Lady_ValeriaJan 14, 2026

hahahaha I am going to save you €200 euro bro.
If you use your SSD as a swap file and it's large - you are going to wreck that drive quite quickly if you generate a lot. Potentially, it's trashed in as little as a month.

I would run a health check on it. Also stop giving this advice please.

goldennyks76Jan 14, 2026· 2 reactions

@Lady_Valeria In fact, a small amount is enough for this, there's no need to allocate 50-100GB of space, 4-8GB will be enough. If I produce 20-40 videos a day, I'll probably fill up the 4000TB data write-read lifespan in about 70-80 years, but thank you for considering me.

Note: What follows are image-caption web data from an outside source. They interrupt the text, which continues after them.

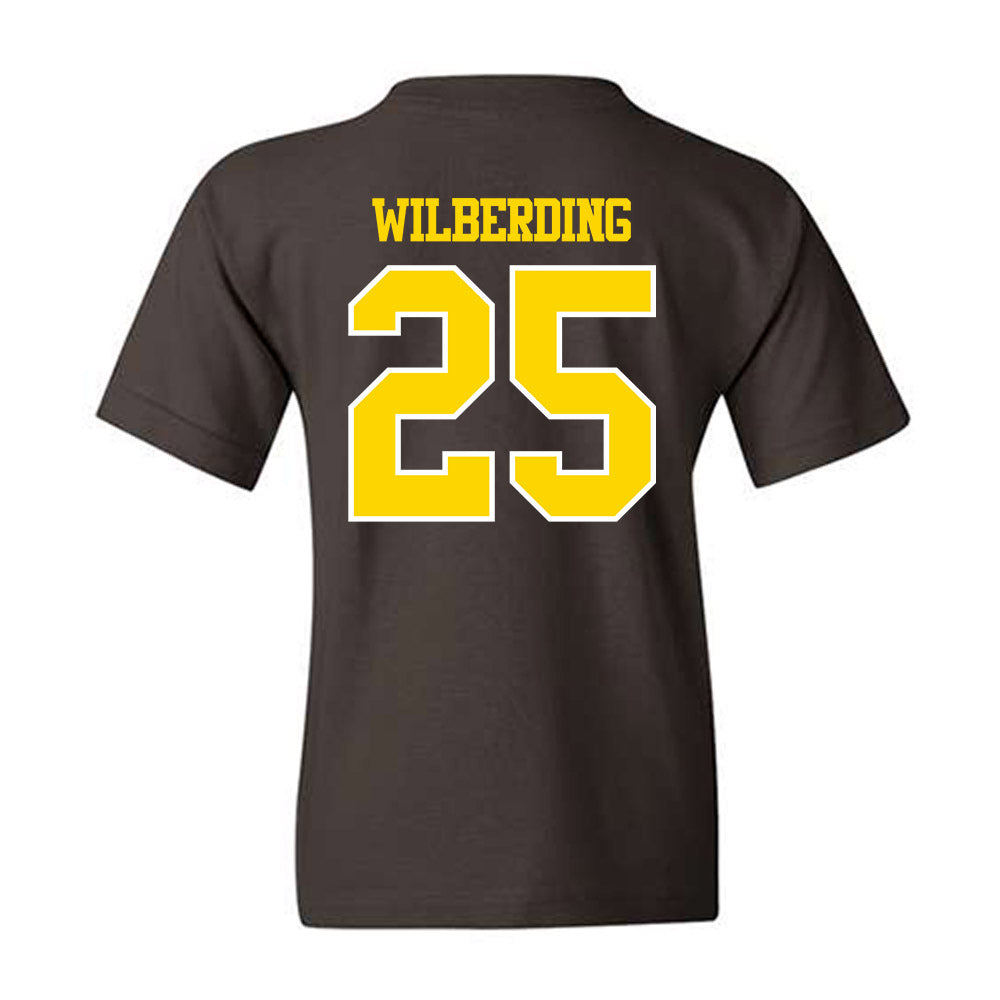 Western Michigan - NCAA Women's Soccer : Ava Wilberding - Classic Shersey Youth T-Shirt-1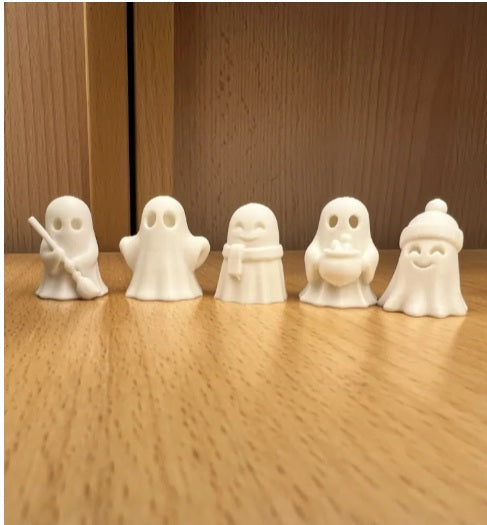 Cute Halloween pack of 5 thumbnail 1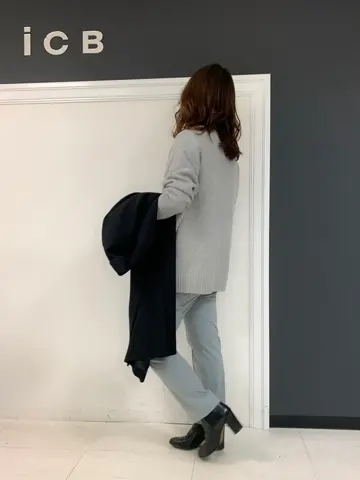 ICB 岡本 コーディネート画像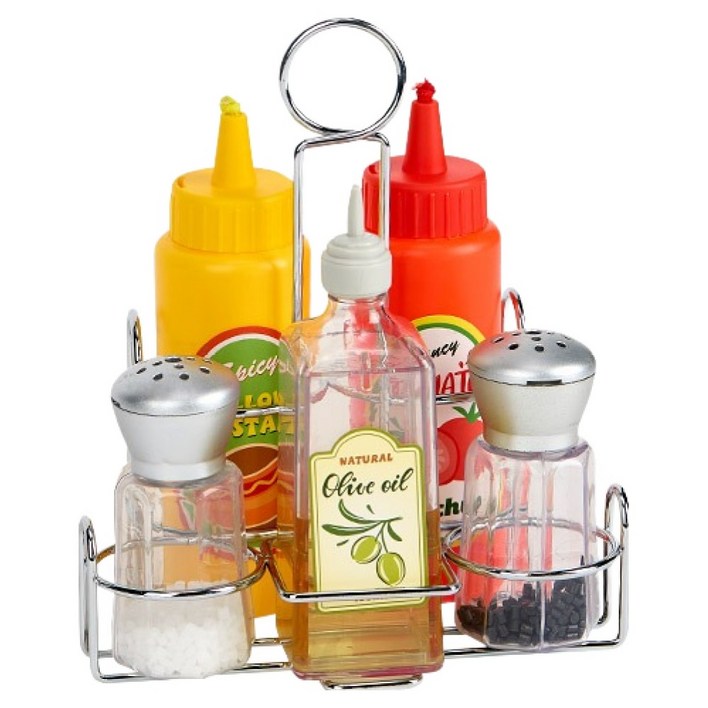 캐스비 플레이 꼬마양념소스 세트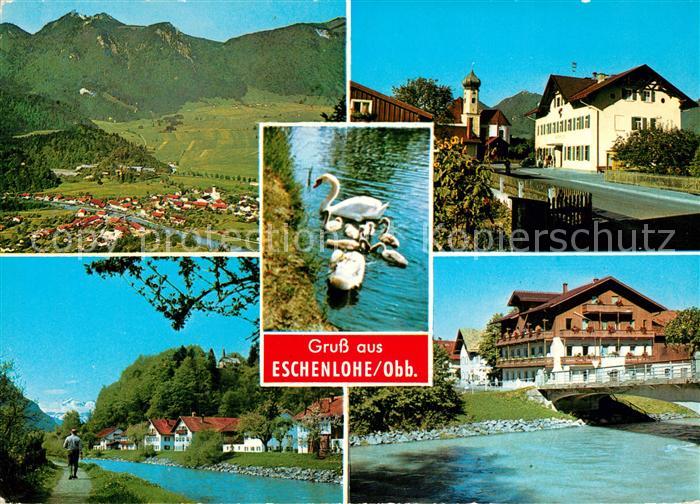 Eschenlohe Fliegeraufnahme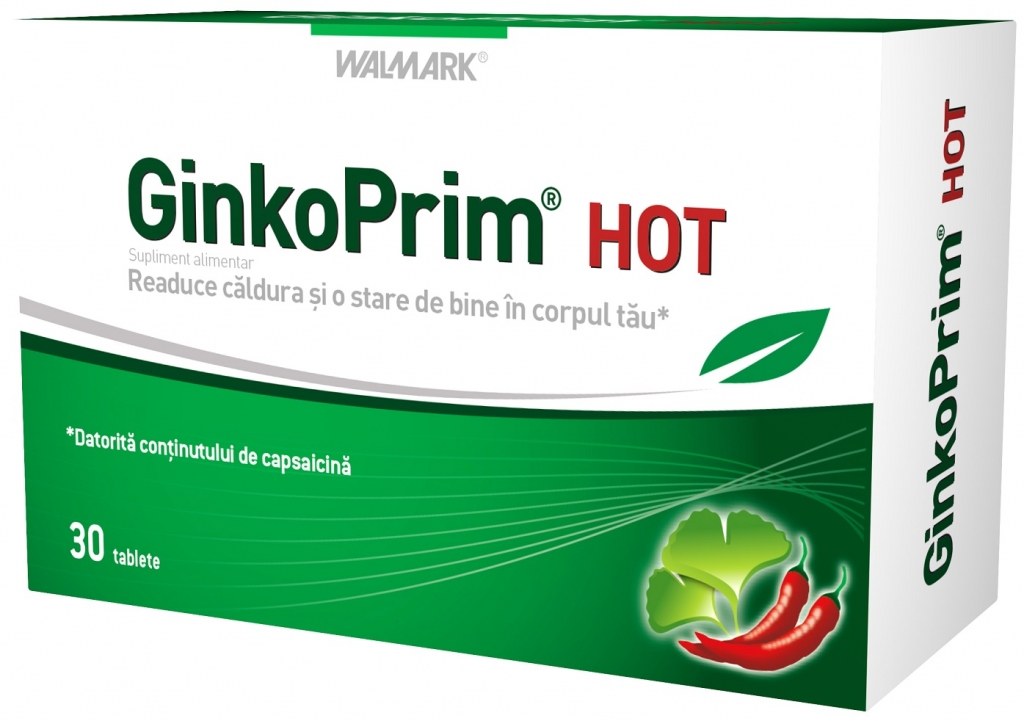 GinkoPrim hot 30cp - WALMARK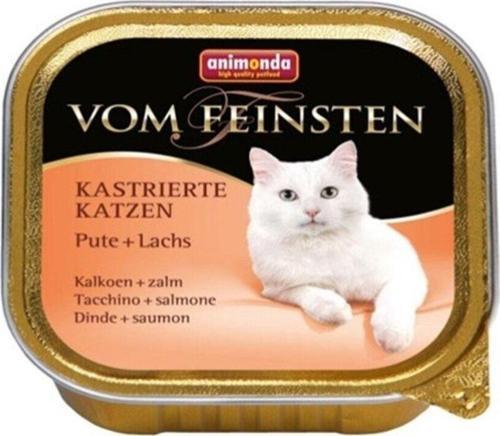 Hindili Ve Somonlu Kısırlaştırılmış Konserve 100 gr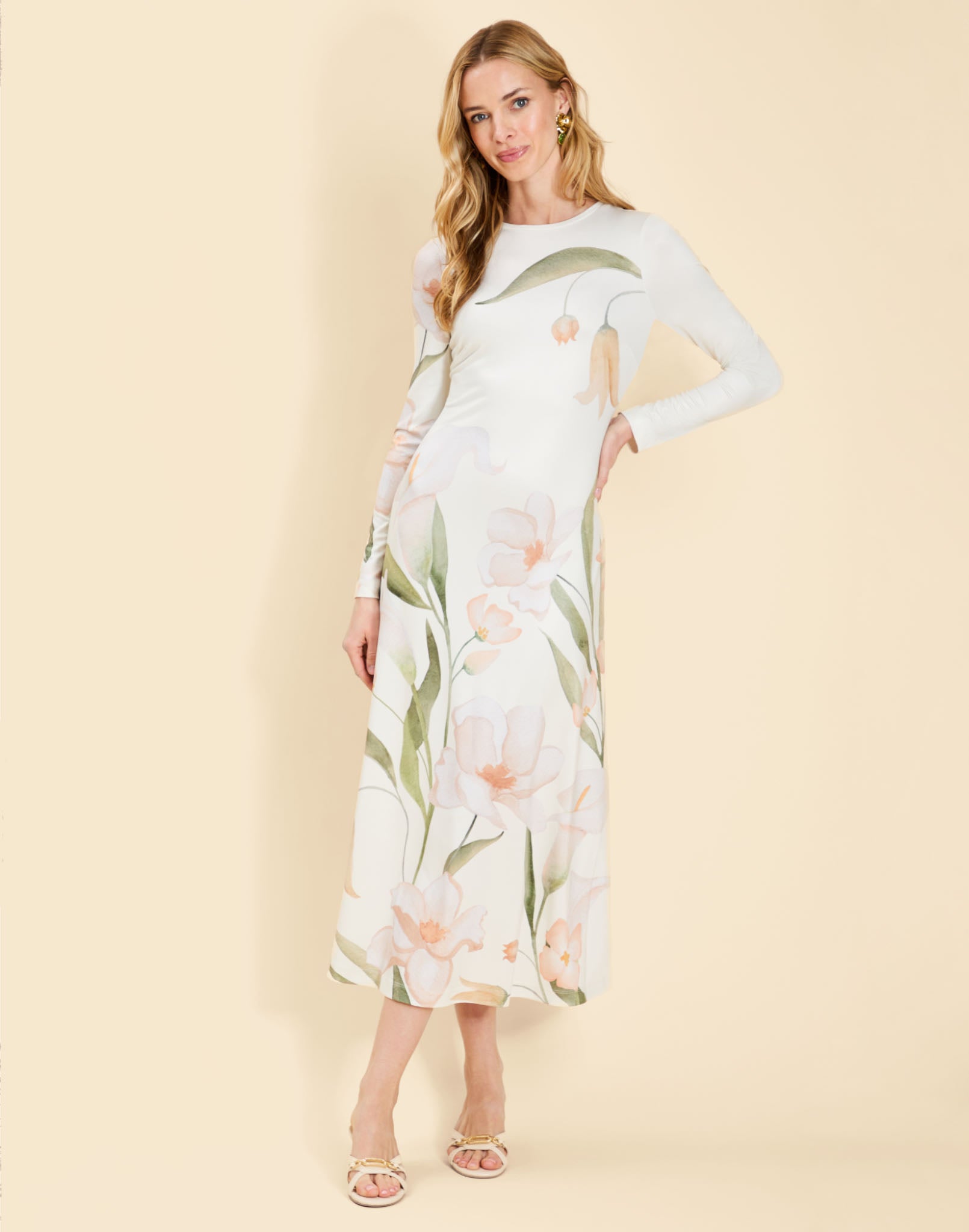 Bowery Midi Dress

MrReclusive666Jan 14, 2026

CivitAI

little confused by your workflow and description.
was looking at it, and why do you say download the embeddings connector, you arn't using it. i actually looked at this because i still aint figured out how to use gemma without loading the full model with it.

PixelMuseAI

Author

Jan 14, 2026· 1 reaction

V1 of the workflow uses the embeddings connector with the dual clip loader. But I realised that the native loaders are more stable and changed to the native loaders in V2. Hence the embedding connector is no longer required. Let me change that on the description.

MrReclusive666Jan 14, 2026

@PixelMuseAI ok, i've still never been able to get that embedding to work, not sure if it needs special node or what, but i can't get that to load at all.

PixelMuseAI

Author

Jan 14, 2026

@MrReclusive666 you use it with the dual clip loader.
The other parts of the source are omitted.